Domain-Specific Languages
Overview
A domain-specific language (DSL) is a programming language tailored to a particular application domain. DSLs trade generality for expressiveness, safety, and optimization opportunities within their domain.
Examples: SQL (databases), HTML/CSS (web layout), regex (pattern matching), Make (build systems), TikZ (diagrams), Verilog (hardware description).
Internal vs. External DSLs
External DSLs
- Standalone language with its own syntax, parser, and tooling
- Full control over syntax and error messages
- Requires building a complete language pipeline (lexer, parser, type checker, evaluator/compiler)
- Examples: SQL, GraphQL, Protocol Buffers, Terraform HCL
Internal (Embedded) DSLs
- Hosted within a general-purpose language (the host)
- Reuse the host language's parser, type system, and tooling
- Constrained by the host language's syntax
- Examples: Rails ActiveRecord (Ruby), ScalaTest (Scala), Parsec (Haskell), React JSX (JavaScript, with transpilation)
Tradeoffs
| Aspect | External | Internal | |---|---|---| | Syntax freedom | Full control | Limited by host | | Tooling cost | High (build from scratch) | Low (reuse host) | | Error messages | Custom, domain-specific | Often confusing (host errors) | | Learning curve | New language to learn | Leverages host knowledge | | Optimization | Domain-specific transforms | Limited to host optimizations | | Interop | Requires FFI or codegen | Native (same language) |
Embedded DSL Techniques
Shallow Embedding
DSL constructs are directly interpreted as host language values. Each construct immediately computes its result.
-- Shallow embedding of a simple expression language
type Expr = Int
lit :: Int -> Expr
lit n = n
add :: Expr -> Expr -> Expr
add x y = x + y
mul :: Expr -> Expr -> Expr
mul x y = x * y
-- Usage: add (lit 3) (mul (lit 2) (lit 5)) => 13
- Simple and direct
- Only one interpretation: cannot inspect, transform, or optimize the DSL program
- Adding new operations is easy (new functions); adding new interpretations requires changing all constructors
Deep Embedding
DSL constructs build an AST (data structure) representing the program. Interpretation is separate.
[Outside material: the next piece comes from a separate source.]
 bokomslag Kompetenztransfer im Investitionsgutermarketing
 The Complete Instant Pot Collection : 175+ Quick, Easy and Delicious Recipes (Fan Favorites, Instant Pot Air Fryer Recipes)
data Expr = Lit Int | Add Expr Expr | Mul Expr Expr
eval :: Expr -> Int
eval (Lit n) = n
eval (Add x y) = eval x + eval y
eval (Mul x y) = eval x * eval y
pretty :: Expr -> String
pretty (Lit n) = show n
pretty (Add x y) = "(" ++ pretty x ++ " + " ++ pretty y ++ ")"
pretty (Mul x y) = "(" ++ pretty x ++ " * " ++ pretty y ++ ")"
- Multiple interpretations: evaluation, pretty-printing, optimization, compilation
- Adding new constructors requires modifying all interpreters (the expression problem)
- Enables analysis and transformation of DSL programs
Tagless Final (Finally Tagless)
Resolves the expression problem by representing DSL terms via type class methods rather than data types.
class ExprSym repr where
lit :: Int -> repr
add :: repr -> repr -> repr
mul :: repr -> repr -> repr
-- Interpretation 1: evaluation
newtype Eval = Eval { runEval :: Int }
instance ExprSym Eval where
lit n = Eval n
add x y = Eval (runEval x + runEval y)
mul x y = Eval (runEval x * runEval y)
-- Interpretation 2: pretty-printing
newtype Pretty = Pretty { runPretty :: String }
instance ExprSym Pretty where
lit n = Pretty (show n)
add x y = Pretty ("(" ++ runPretty x ++ " + " ++ runPretty y ++ ")")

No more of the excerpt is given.